Similar bans on books deemed offensive have also been enacted in Texas, Florida, Missouri, and South Carolina. It is worth noting that some liberal states have also implemented restrictions on certain books in schools and libraries, citing concerns over racially offensive content.
The district has previously removed other books, such as Sherman Alexie's "The Absolutely True Diary of a Part-Time Indian" and John Green's "Looking for Alaska," in compliance with the law.
The complaint, submitted last Friday, specifically targeted the Book of Mormon, which holds significance within Utah's predominant faith, The Church of Jesus Christ of Latter-day Saints. The district spokesperson confirmed that the review request had been received but did not disclose the reasons behind it or whether it was submitted by the same individual who complained about the Bible.
The committee responsible for the review consists of teachers, parents, and administrators, and they published their decision without providing specific details on their reasoning or the specific passages they deemed objectionable.
Officials have confirmed the removal of the seven or eight copies of the Bible from school shelves, clarifying that the text was never included in the students' curriculum. However, the committee responsible for the decision did not provide specific details regarding which passages were considered to contain "vulgarity or violence."
The parent who filed the complaint stated that the King James Bible "has 'no serious values for minors' because it's pornographic by our new definition," referring to the 2022 book-ban law. Initially dismissing the request as a "mockery," the Utah state lawmaker who authored the 2022 law changed his stance after deeming the Bible a "challenging read" for younger children. He emphasized that the Bible is best taught and understood within the familial context, in line with traditional American values.
The Davis School District ruling concluded that while the Bible's content does not violate the 2022 law, it does contain elements of "vulgarity or violence" unsuitable for younger students. Consequently, the Bible will remain accessible only in local high schools.

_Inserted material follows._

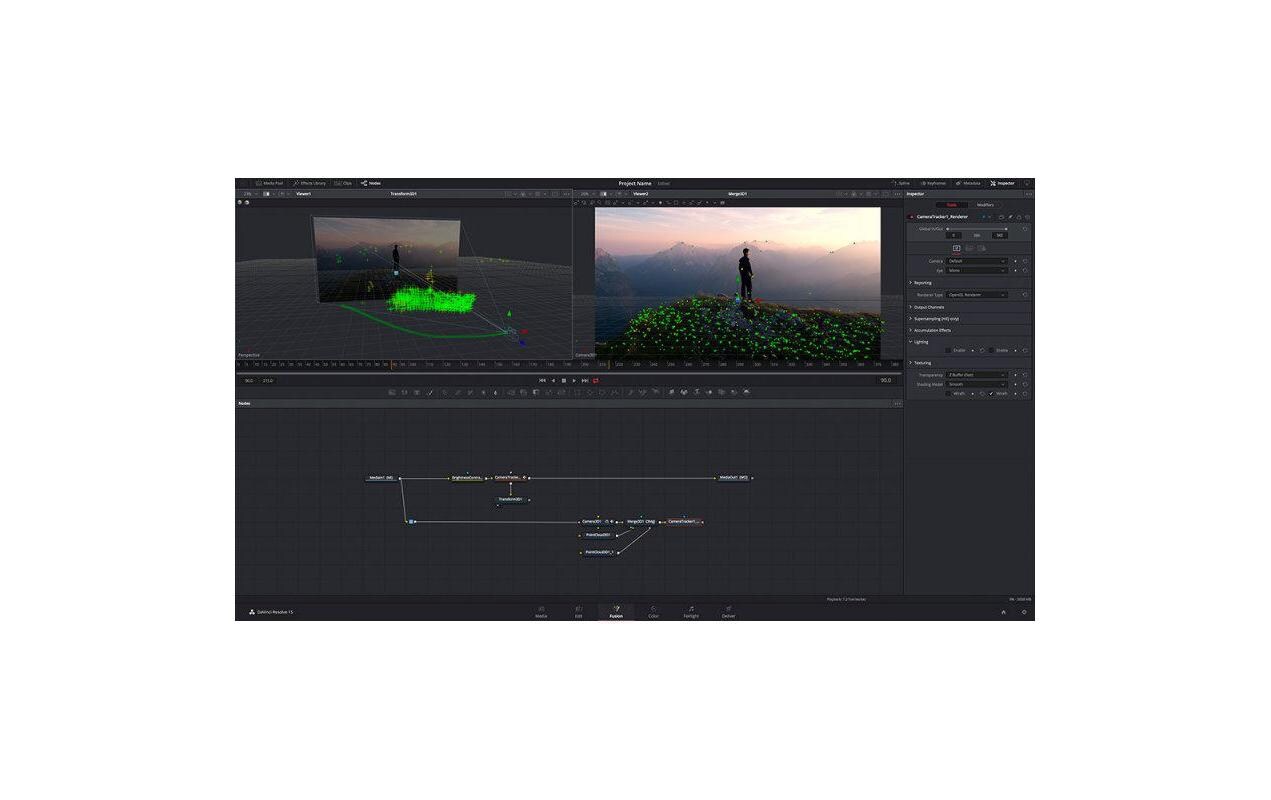 Videobearbeitungssoftware DaVinci Resolve (Dongle)<br>Revolutionäre Tools für Schnitt, Farbkorrektur und Audio-Postproduktion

However, it is important to note that this is not the first instance of the Bible being removed from school library shelves. Last year, a Texas school district undertook a similar action, prompted by objections from members of the public who opposed conservative efforts to ban certain books.
Additionally, in Kansas, students recently requested the removal of the Bible from their school library, further intensifying the ongoing discussion surrounding the presence of religious texts in educational settings.